Now I believe that you need to tour. I am not suggesting that you can get around that. In fact, you need to perform live, in front of an audience, in order to grow as an artist. But once you have your chops, it only makes sense to perform where you'll have the most impact. That's what I'm talking about.
Here's what I've decided to do and I suggest it to you as well. Take a long, hard and honest look at what you do. Who really enjoys what you do? As a professional musician with a degree of expertise, I have found that given the right circumstances, I can reach people from any culture, race, religion, etc. I am not talking about that. Using me as an example; I play a kind of finger style acoustic guitar; I sing in a melodic, pleasant and smooth vocal style; I write mostly mellow songs; I write intelligent, poetic lyrics; (it's important to me that I not only say something, but that it is said in the most artful way I can do it). Now that's just the positive stuff, but that's what we have to use. You're not going to find your audience by listing all your shortcomings, unless you are coming at it from the intent of eliminating who wouldn't like you. Maybe that would work too, try it and get back to me. In the meantime we'll go with my positive approach.
So, given what I do and how I do it, what else can I do to give focus to this research? How old am I? What kind of education do I have? All these things influence what I create and once it's created, who is going to enjoy it? More than likely, people who have similar backgrounds and/or sensibilities. And once I determine who these people are, where do I find them?

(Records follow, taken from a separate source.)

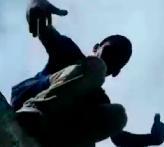 Ministerio de Educación puso en manos de psicólogos estudiantes que profanaron tumba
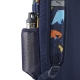 Sac à Dos Puma Osfa
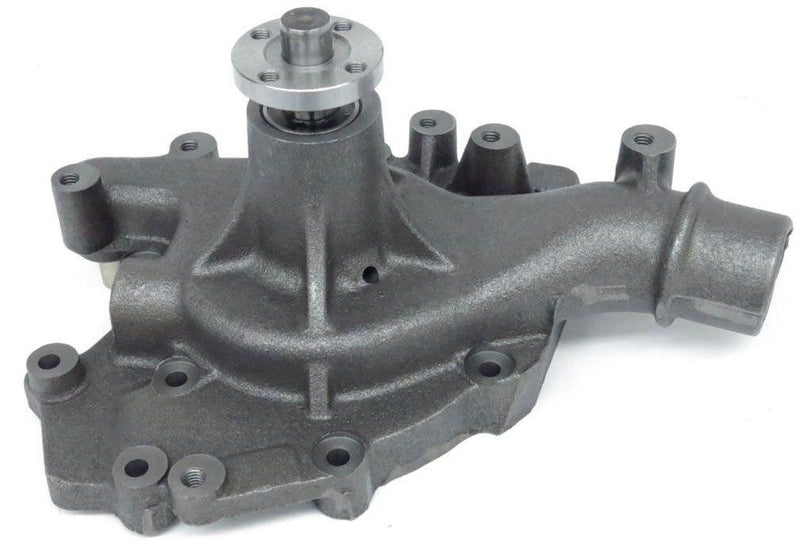 USMW Replacement Cast Iron Water Pump (No Backplate) (US1114)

I don't have the answers right now, but I am suggesting that we all take a look at everything I mentioned and share our investigations and results. What I do know is that there are acoustic associations, house concert series, and organizations like the folk alliance. I am a member of the Far West Folk Alliance, (www.farwest.org) as well as the National Folk Alliance (www.folkalliance.org). They have enormous resources and support all genres of acoustic music.
So what I need from you all is some input to this idea. Let's see if we can help each other reach our potential audiences and enjoy the success of performing music well in front of appreciative audiences. Feedback, please.